WORK INSTRUCTION.
What you submit must be an exact copy of the listing below, with no images in it.

THE DATA.
________________

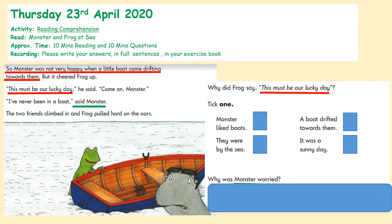Let's read our questions, because it's always good to have the questions in mind when reading the text. Why did Frog say 'This must be our lucky day'? We're focusing on Frog, and we've got four options: Monster liked boats, they were by the sea, a boat drifted towards them, or it was a sunny day. And why was Monster worried? Now let's read the text: 'Monster was not very happy when a little boat came drifting towards them, but it cheered Frog up. This must be our lucky day, he said. Come on, Monster. I've never been on a boat, said Monster. The two friends climbed in and Frog pulled hard on the oars.'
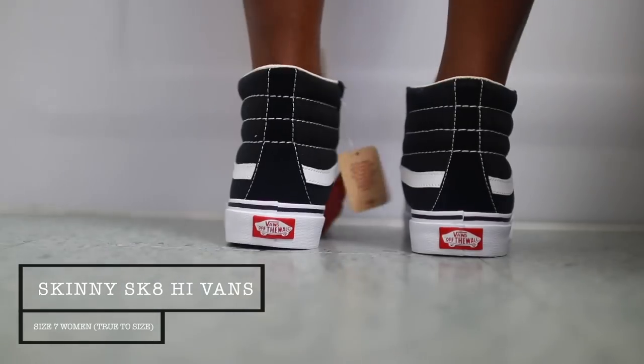The only thing I don't like about these is the shoelaces are skinny as well, so I'm going to switch them out and get the regular fat laces. I don't like the skinny look of the shoelaces, but I like the skinny look of the shoes. I think it just looks a lot better on the foot.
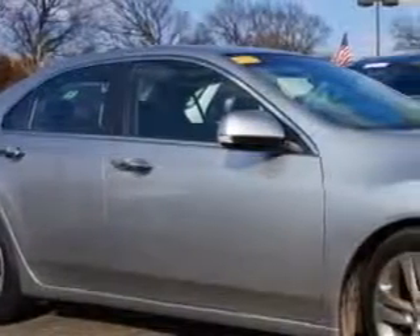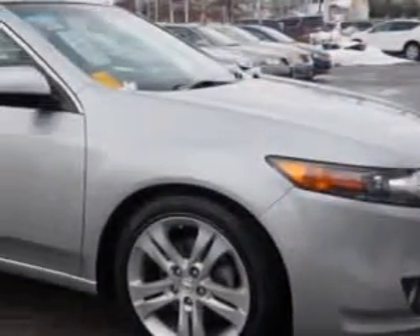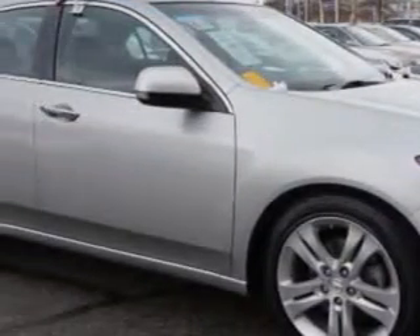Imagine driving the Silver 2010 Acura TSX, equipped with a 6-cylinder engine and an automatic transmission. Enjoy an impressive 27 miles to the gallon on this great car with features like:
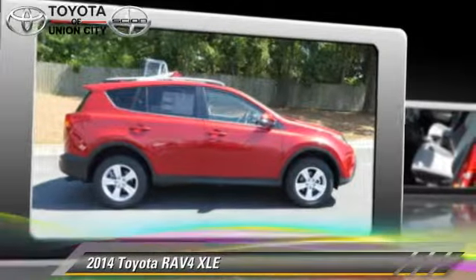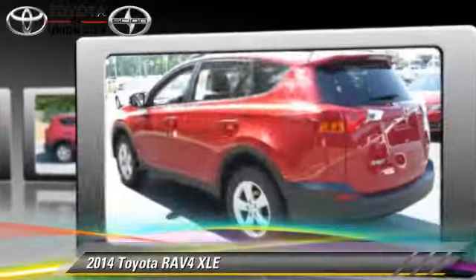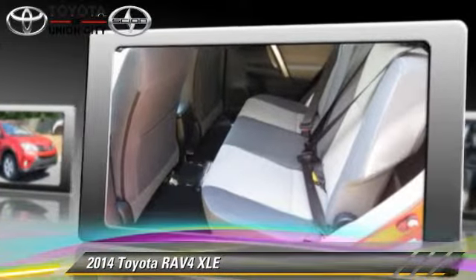The 2014 Toyota RAV4, powered by a 2.5-liter four-cylinder engine with a six-speed automatic transmission — this vehicle is well-equipped.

________________

ANSWER.
Let's read our questions, because it's always good to have the questions in mind when reading the text. Why did Frog say 'This must be our lucky day'? We're focusing on Frog, and we've got four options: Monster liked boats, they were by the sea, a boat drifted towards them, or it was a sunny day. And why was Monster worried? Now let's read the text: 'Monster was not very happy when a little boat came drifting towards them, but it cheered Frog up. This must be our lucky day, he said. Come on, Monster. I've never been on a boat, said Monster. The two friends climbed in and Frog pulled hard on the oars.'
The only thing I don't like about these is the shoelaces are skinny as well, so I'm going to switch them out and get the regular fat laces. I don't like the skinny look of the shoelaces, but I like the skinny look of the shoes. I think it just looks a lot better on the foot.
Imagine driving the Silver 2010 Acura TSX, equipped with a 6-cylinder engine and an automatic transmission. Enjoy an impressive 27 miles to the gallon on this great car with features like:
The 2014 Toyota RAV4, powered by a 2.5-liter four-cylinder engine with a six-speed automatic transmission — this vehicle is well-equipped.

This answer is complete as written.